S’ils semblent une bonne idée, la simplification et le regroupement des
textes de loi inquiètent aussi. « Vouloir rendre les procédures plus
lisibles, c’est bien, mais il faut être vigilant et s’assurer que cela
n’aboutira pas à une régression des droits des occupants. Le système actuel est
complexe, mais il est complet parce qu’il répond à des situations et des
problématiques très diverses. Nous avons l‘impression que dans
l’ordonnance, les problématiques de santé sont désormais passées au second p lan.

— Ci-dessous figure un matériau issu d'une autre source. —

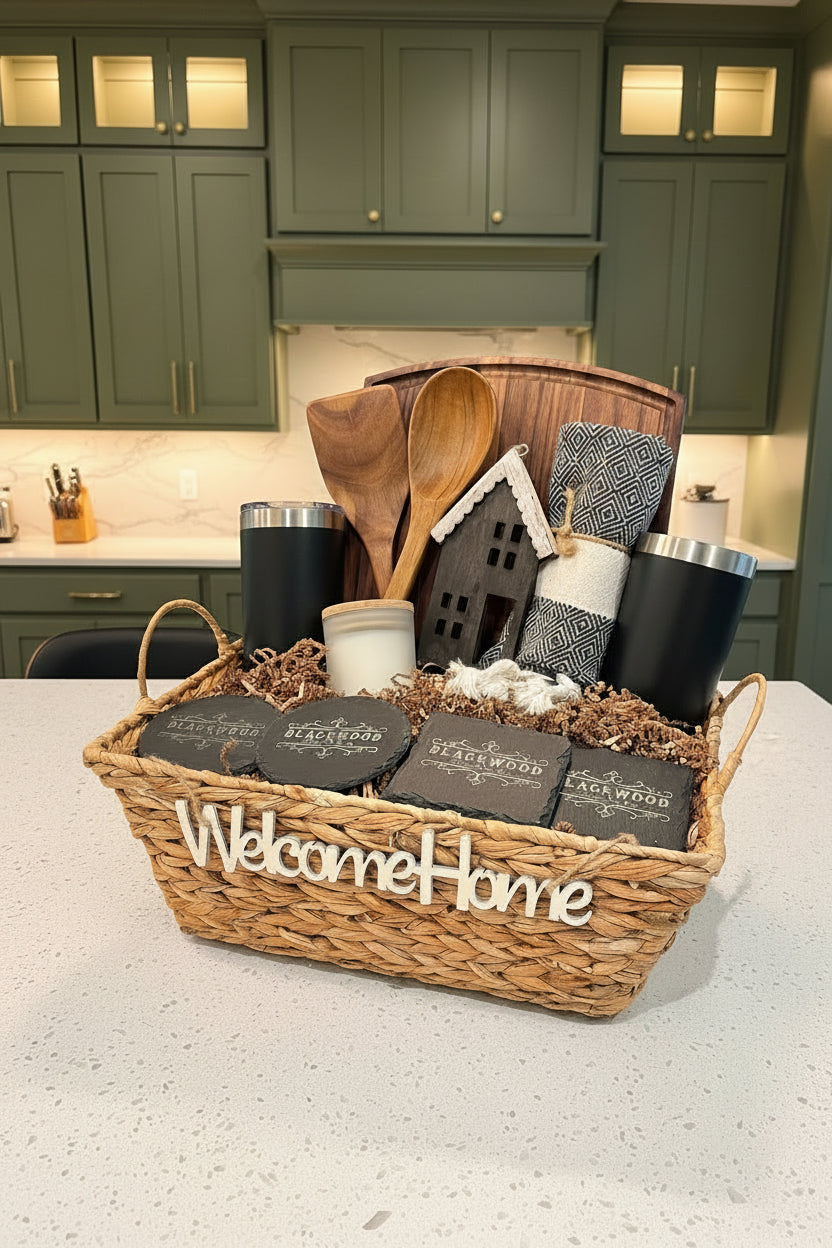 Premium Housewarming Gift Basket Heritage Collection Welcome Home Package Complete Kitchen Essentials Set Wooden Welcome Sign Insulated Tumblers Slate Coasters Cooking Utensils Kitchen Towels Decorative House Candle Perfect New Home Present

C’est un problème quand on sait que beaucoup de situations d’habitat insalubre,
surtout les moins visibles, ont des conséquences graves sur la santé »,
estime Samuel Mouchard. Dans le même ordre d’idées, l’absence de précision
concernant l’application des droits des occupants – droit à bénéficier de
travaux, droit à être hébergé, à être relogé – en cas de procédure d’urgence
est un autre motif d’inquiétude. Certains acteurs du secteur évoquent aussi le
risque que la nouvelle législation, en étant trop imprécise et pas assez
contradictoire, ouvre la voie à de nombreuses contestations de décisions devant
les tribunaux.
Reste la très concrète question du temps. Il aura fallu un peu moins de
deux ans entre la rédaction de la loi Elan et celle de l’ordonnance de mise en
application. Il n’y aura en principe que quatre mois entre l’adoption de
l’ordonnance et son application, prévue en janvier 2021. « Le timing
est court pour arriver à former les personnels des structures de l’État et des
collectivités locales sur le nouveau texte. Nous avons, du coup, des
inquiétudes sur sa mise en œuvre. Il y a un risque de temps de latence dans le
traitement des arrêtés. Si les formations sont insuffisantes, il y a aussi un
risque de voir se multiplier les recours en justice. Il est nécessaire de
laisser a ux acteurs le temps de comprendre les subtilités du texte
et de s’organiser », souligne Cécile Guerin-Delaunay, chargée de
mission conduite de projets de territoire à la fédération Soliha, principale
association de réhabilitation de l’habitat.
En principe, le texte de l’ordonnance n’est pas définitif. Alerté par les
associations et les acteurs du secteur, le gouvernement a indiqué qu’il allait
revoir sa copie. Il a deux mois pour redresser la barre et montrer que sa
volonté de lutter contre l’habitat indigne est plus qu’un affichage.